**** LISTED RECORDS
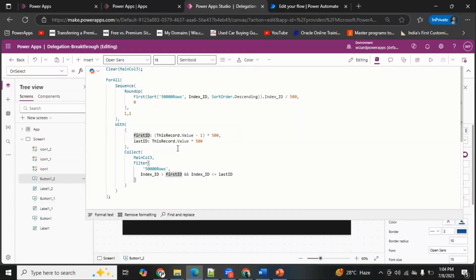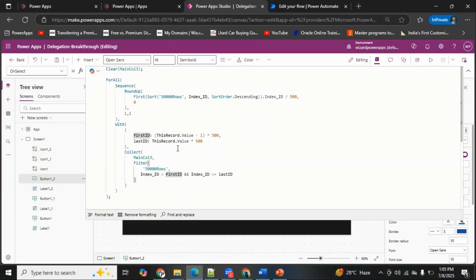To summarize the overall functionality: the key functions are Sequence — which runs and gets the count sequentially — and the With function with first ID and last ID logic. With these, we fetch all records in 500-chunk batches at a time. This is how we overcome delegation: instead of fetching all items at once, we fetch in small chunks and store them back into the named collection.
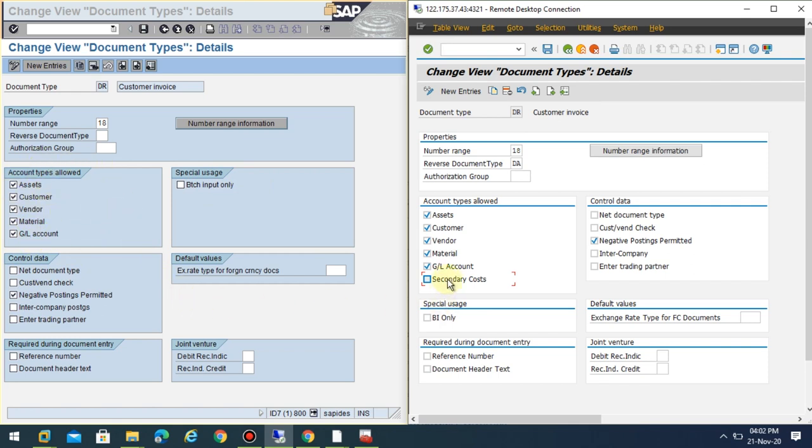Here you can see there is no secondary cost because the reconciliation is real time if you have document splitting active and you are using the new GL function. In this case, the system automatically reconciles the data. But in the case of SAP HANA, you need to maintain which document types are used for secondary cost postings.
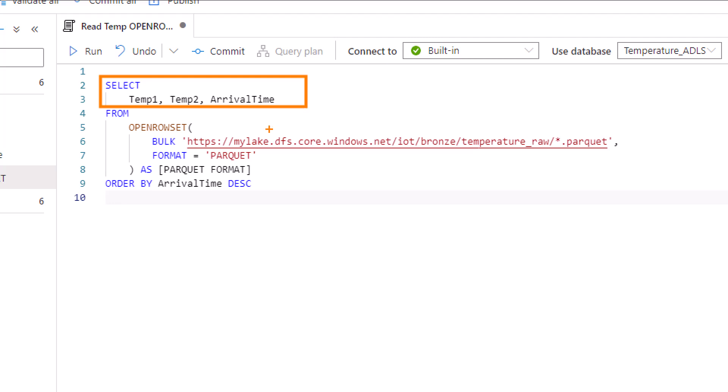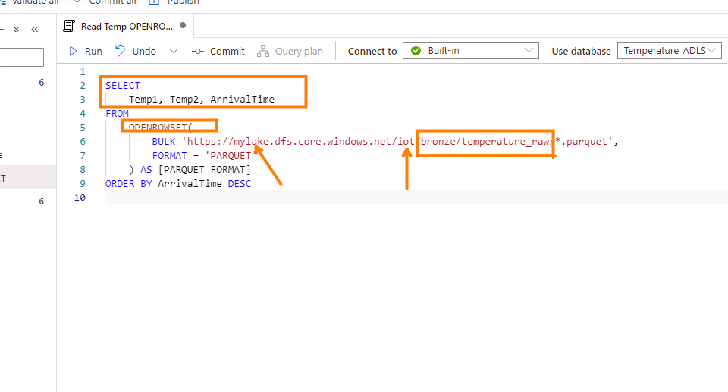It's stored out in my data lake, and I'm using the OPENROWSET call here with bulk. This is the location where I've stored it—this is the name of my data lake. IoT happens to be what I'm using for a container, and then if you have any folders below your container, I have a couple: bronze and temperature raw folder. And then finally, the files we're looking for—I'm looking for every parquet file that's in there.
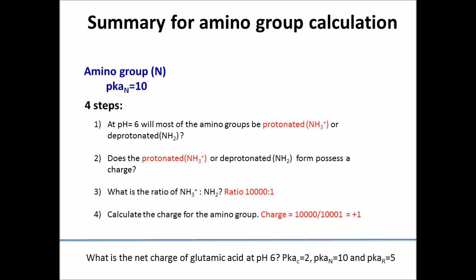In the next slide, I'll summarize all four steps. Step 1: will most of the amino group be protonated or deprotonated at pH 6? The answer is protonated. Step 2: does the protonated or deprotonated form possess a charge? The protonated form possesses a positive charge. Step 3: what is the ratio of protonated to deprotonated? That's 10,000 to 1. Step 4: to calculate the net charge, you take the protonated form and divide by the total number, giving plus 1 for the amino group.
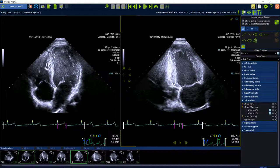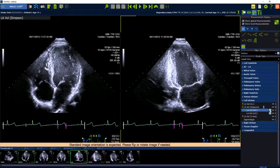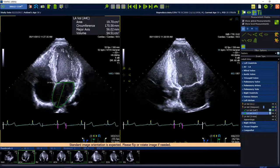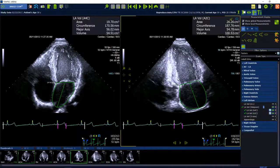Now start the analysis with the automatic detection button and tell the software where to find the four-chamber view and the two-chamber view.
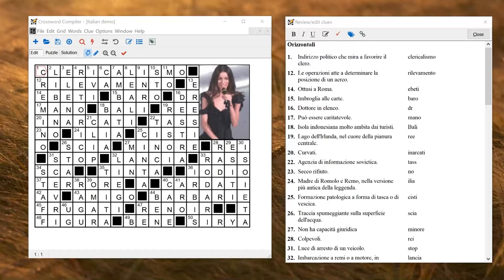Hello crossword compilers. In this video I'm going to show you some of the settings you can use if you want to make crosswords in different languages.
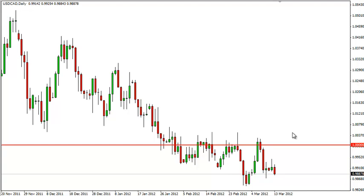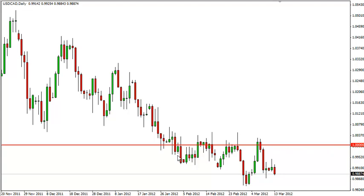The USD/CAD pair fell for the session on Tuesday as the risk-on attitude came back into the markets. The parity level above, signified by this red thick line, continues to push prices lower in this pair, and as a result, this pair has had a decidedly bearish tone over the last couple of weeks, even as the action has been choppy.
********
• [DESCRIPTION OF THE TASK]:
Your answer should be the exact lines above from the one containing "In the next" through the one containing "Hello crossword compilers.", with both end lines kept and the pictures removed, please.

• [RESPONSE]:
In the next slide, I'll summarize all four steps. Step 1: will most of the amino group be protonated or deprotonated at pH 6? The answer is protonated. Step 2: does the protonated or deprotonated form possess a charge? The protonated form possesses a positive charge. Step 3: what is the ratio of protonated to deprotonated? That's 10,000 to 1. Step 4: to calculate the net charge, you take the protonated form and divide by the total number, giving plus 1 for the amino group.
Now start the analysis with the automatic detection button and tell the software where to find the four-chamber view and the two-chamber view.
Hello crossword compilers. In this video I'm going to show you some of the settings you can use if you want to make crosswords in different languages.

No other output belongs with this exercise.